WHAT IS NEEDED: Return the data verbatim, without pictures.

:: DATA SECTION

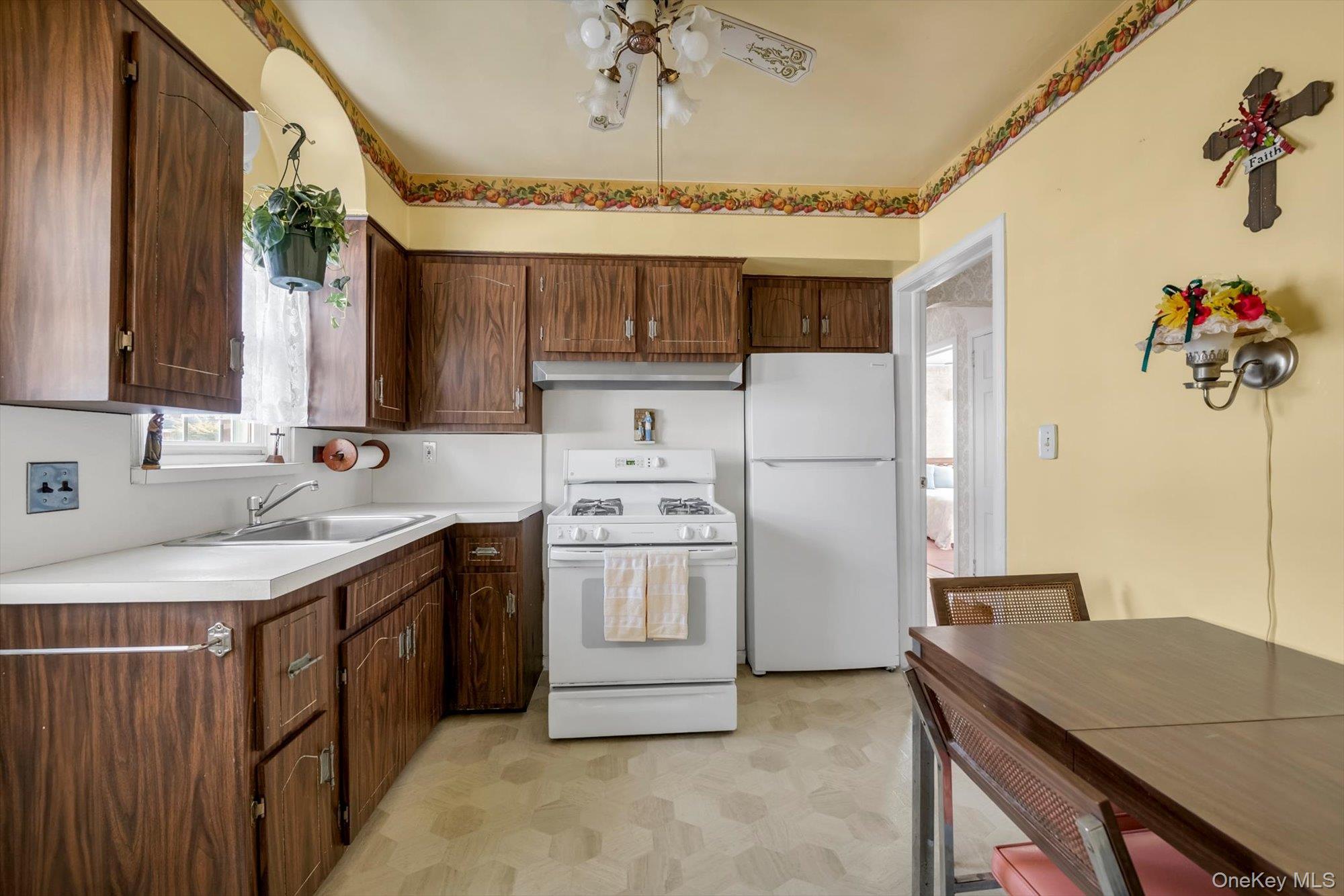60 Aberdeen Road Property Photo 7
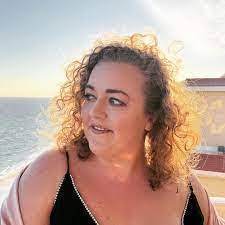 Carmen Tuttle's Instagram, Twitter & Facebook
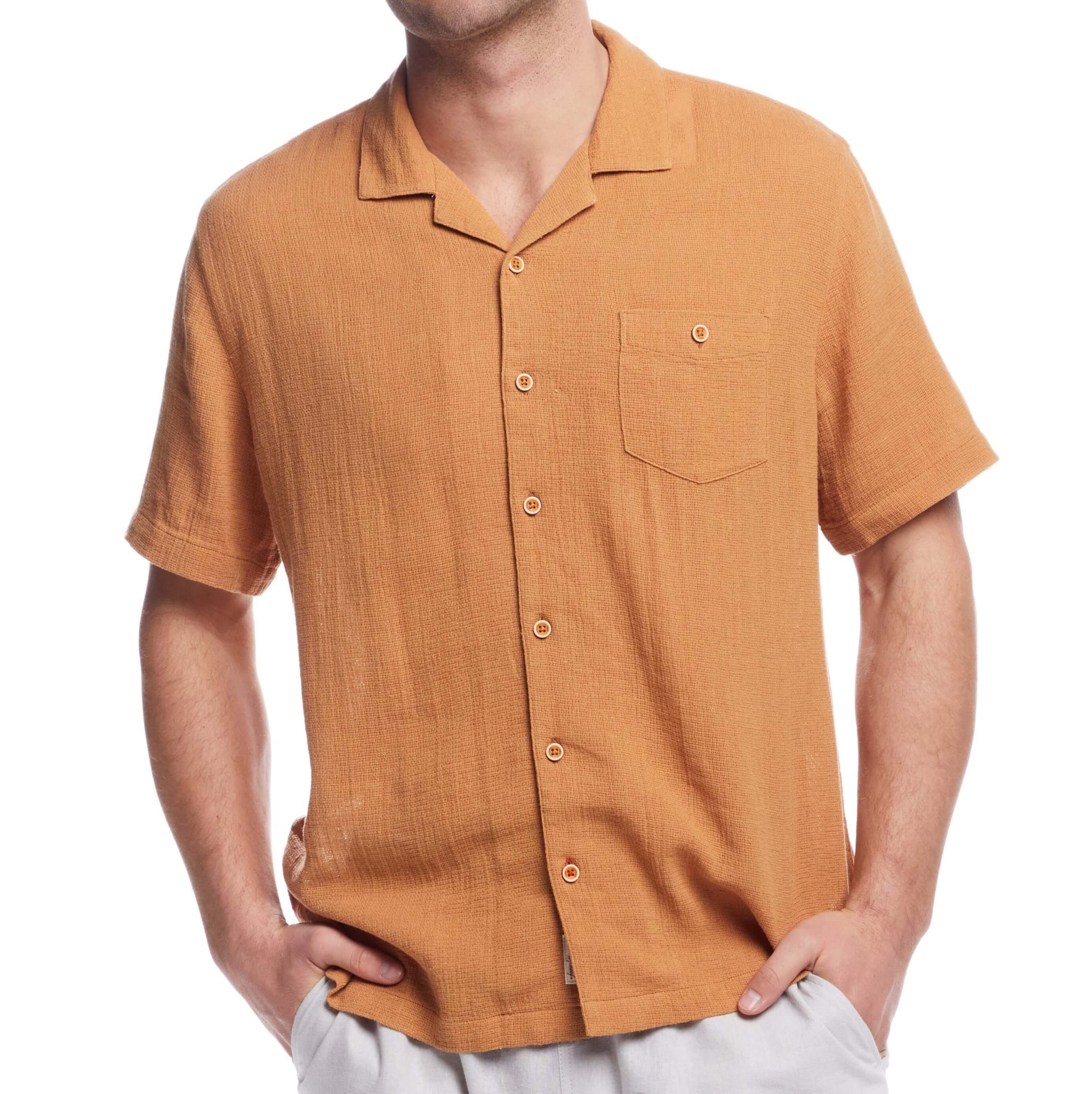 Short sleeve cotton linen Airtex shirt in biscuit color with camp collar and chest pocket, ideal for vacations.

::::

WRITTEN REPLY:
60 Aberdeen Road Property Photo 7
 Carmen Tuttle's Instagram, Twitter & Facebook
 Short sleeve cotton linen Airtex shirt in biscuit color with camp collar and chest pocket, ideal for vacations.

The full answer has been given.